Without any pictures, print the lines below from the one that has "soyut yuvarlak renkli" through the one that has "Armor Shield Handyhülle", exactly and nothing else.

- Data for review -
.....
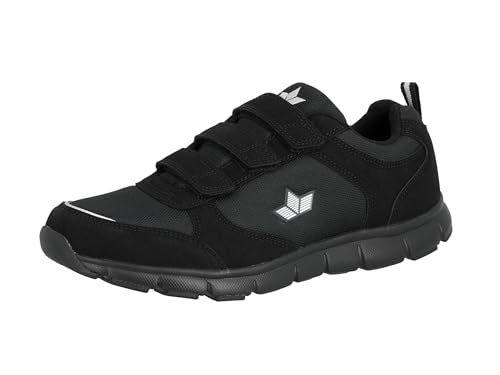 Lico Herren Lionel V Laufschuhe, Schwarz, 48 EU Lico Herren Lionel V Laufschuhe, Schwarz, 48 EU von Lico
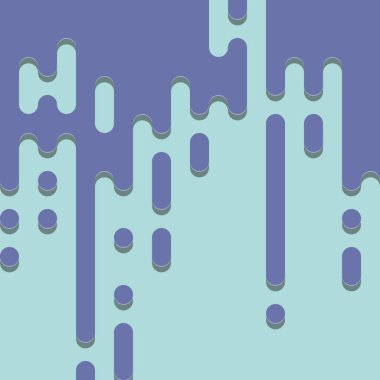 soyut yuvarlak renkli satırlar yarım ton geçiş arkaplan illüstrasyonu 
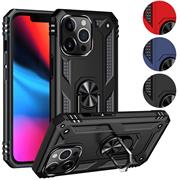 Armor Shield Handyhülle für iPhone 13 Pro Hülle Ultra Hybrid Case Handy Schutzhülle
.....
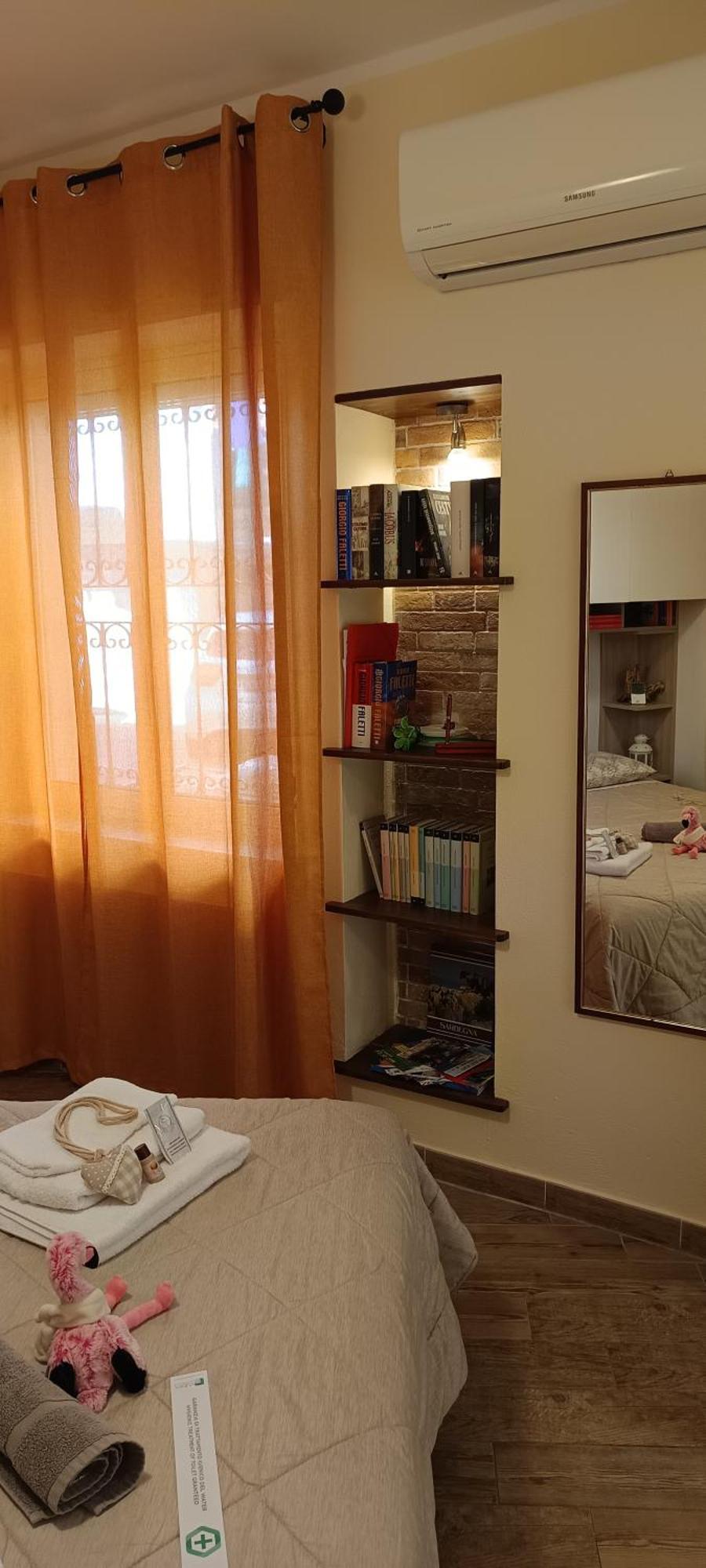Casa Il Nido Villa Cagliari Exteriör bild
.....
- Solution to this exercise -
 soyut yuvarlak renkli satırlar yarım ton geçiş arkaplan illüstrasyonu 
 Armor Shield Handyhülle für iPhone 13 Pro Hülle Ultra Hybrid Case Handy Schutzhülle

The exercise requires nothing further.